The Distributed Firewall can be configured using a variety of rule types, from traditional rules to dynamic groups that allow policies to be applied based on tags, VM names, or other workload properties. Rules can also be applied to specific objects allowing for scoped policies, including default rules that only apply to specific VMs. Limiting traffic between VMs makes it much harder for attackers to move laterally, and the flexibility of rule definitions mean that rules can be very specific but also easily updated when environments change.

Ideas to consider:

  • The Distributed Firewall is IP-based, so dynamic objects are translated into IP addresses, using the IP addresses detected by VMware Tools or through traffic snooping. Dynamic membership cannot be “Applied To” IP addresses.
  • Much as with traditional firewalls, the complexity and scope of rules impacts performance as each packet is evaluated against each rule, though the Distributed Firewall can take advantage of additional CPU as clusters scale out. It is recommended that rules be limited in scope, such as to a particular network segment, and global rules be considered carefully before implementing.
  • Where possible use groups to define rules, so that changes are easier and updates less susceptible to human error. Create nested groups to aggregate similar rules. For example, rather than having one group for all cloud administrators, consider creating a group for each cloud administrator, then aggregating that into a “supergroup.” If an administrator leaves your organization it is easier to find and remove their access group.
  • Consider defining and documenting a naming strategy for groups so that similar items are grouped together, and data is sortable and easily filtered.
  • Consider defining and documenting a firewalling strategy, such as default allow, default deny, or a documented combination using “Applied To.” Do the same for rules, such as per-application or per-service, so that there is consistency.
  • Enable and implement Distributed Firewalling, so that workloads must have specific distributed firewall rules at all times.
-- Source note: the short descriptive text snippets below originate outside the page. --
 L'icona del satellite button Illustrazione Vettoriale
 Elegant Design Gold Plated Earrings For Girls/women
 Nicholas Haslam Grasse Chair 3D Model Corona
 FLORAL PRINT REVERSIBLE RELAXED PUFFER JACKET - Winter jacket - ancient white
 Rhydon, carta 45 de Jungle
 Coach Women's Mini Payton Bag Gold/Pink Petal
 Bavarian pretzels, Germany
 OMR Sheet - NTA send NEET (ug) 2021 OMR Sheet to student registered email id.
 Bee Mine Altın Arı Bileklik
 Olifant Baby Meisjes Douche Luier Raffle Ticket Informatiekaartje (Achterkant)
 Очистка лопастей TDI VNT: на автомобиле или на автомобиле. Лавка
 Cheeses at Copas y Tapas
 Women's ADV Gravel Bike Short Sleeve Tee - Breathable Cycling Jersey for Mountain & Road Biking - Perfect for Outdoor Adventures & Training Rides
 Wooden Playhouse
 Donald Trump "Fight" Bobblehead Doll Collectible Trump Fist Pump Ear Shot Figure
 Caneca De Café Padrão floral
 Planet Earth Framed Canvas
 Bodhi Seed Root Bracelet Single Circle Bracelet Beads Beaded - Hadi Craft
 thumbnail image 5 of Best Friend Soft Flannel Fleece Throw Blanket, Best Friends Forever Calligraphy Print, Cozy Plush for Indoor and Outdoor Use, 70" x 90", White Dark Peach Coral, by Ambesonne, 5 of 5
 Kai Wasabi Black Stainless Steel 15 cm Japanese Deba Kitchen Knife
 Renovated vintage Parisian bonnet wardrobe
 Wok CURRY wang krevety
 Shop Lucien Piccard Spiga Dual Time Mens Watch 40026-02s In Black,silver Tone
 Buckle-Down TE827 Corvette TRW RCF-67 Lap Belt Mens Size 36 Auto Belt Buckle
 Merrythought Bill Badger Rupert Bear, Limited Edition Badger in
Limit generic rules implemented at the gateways.
  • Restrict outbound traffic using DFW to meet the standard approach of blocking traffic closest to the source.
  • Apply IDS/IPS to outbound connections to look for known Command & Control access and common attack signatures.
  • Consider using a proxy server for filtering & inspecting web traffic if virtual desktops are being hosted in the SDDC. Using this model, Internet access would be blocked for endpoints, and only the proxy would be permitted to access the Internet, providing additional URL filtering based on real-time updated lists and/or other identifying capabilities such as geo-location, site categorization, etc.
  • NSX L7 firewall from the Advanced Security add-on can be used to ensure SSL/TLS connections are using encryption methods that meet minimum standards to avoid known attack vectors.

Restrict DNS traffic destined for Internet-based DNS servers and require all workloads to use internal DNS servers that are managed and patched. Log all queries and block or check for requests of known C&C or malicious domains using lists that are updated frequently.